Winemaker Notes
Professional Ratings
-
James Suckling
Cool and herbal with a hint of wet ferns. In spite of the considerable concentration, it remains sleek and straight with a long, uncompromisingly mineral finish.
-
Wine Spectator
A focused, savory style, featuring intense acidity behind the ripe citrus, apple tart and green peach flavors. A tad creamy on the finish, with wet stone and tarragon notes.
-
Robert Parker's Wine Advocate
From a steep and terraced vineyard with decomposed gneiss soils, the 2017 Ried Steinertal Grüner Veltliner Smaragd is very clear and intense on the fruit-driven, slightly tropical but also flinty-scented nose. Powerful, intense and lush on the palate, this is a full-bodied but fine and elegant, well-structured and minerally Veltliner with good tannin grip and a persistent finish.
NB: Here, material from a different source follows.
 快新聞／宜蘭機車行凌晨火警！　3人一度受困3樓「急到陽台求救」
Fun to say and delightfully easy to drink, Grüner Veltliner calls Austria its homeland. While some easily quaffable Grüners come in a one-liter—a convenient size—many high caliber single vineyard bottlings can benefit from cellar aging. Somm Secret—About 75% of the world’s Grüner Veltliner comes from Austria but the variety is gaining ground in other countries, namely Hungary, the Czech Republic, Slovakia and the United States.
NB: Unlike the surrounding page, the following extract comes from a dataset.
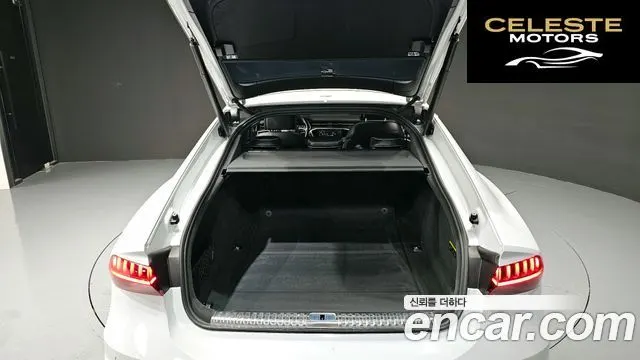 AUDI A7 (4K) 55 TFSI Quattro Premium 2021 — photo 31 sur 40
As Austria’s most prestigious wine growing region, the landscape of the Wachau is—not surprisingly—one of its most dramatic. Millions of years ago, the Danube River chiseled its way through the earth, creating steep terraces of decomposed volcanic and metamorphic rock. Harsh Ice Age winds brought deposits of ancient glacial dust and loess to the terrace’s eastern faces. Today these steep surfaces of nutrient-poor and fast draining soil are home to some of Austria’s very best sites for both Grüner Veltliner and Riesling.
Wachau is small, comprising a mere three percent of Austria’s vine surface and, considering relatively low yields, represents a miniscule proportion of total wine production. Diurnal temperature shifts in Wachau facilitate great balance of sugar and phenolic ripeness in its grapes. At night cold air from the Alps and forests in the northwest displace warm afternoon air, which gets sucked upstream along the Danube.
Its sites are actually so varied and distinct that more emphasis is going into vineyard-designated offerings even despite grape variety. Grüner Veltliner and Riesling are most prominent, but the region produces Chardonnay, Pinot Blanc (Weissburgunder), Pinot Gris, Sauvignon Blanc and Zweigelt among other local variants.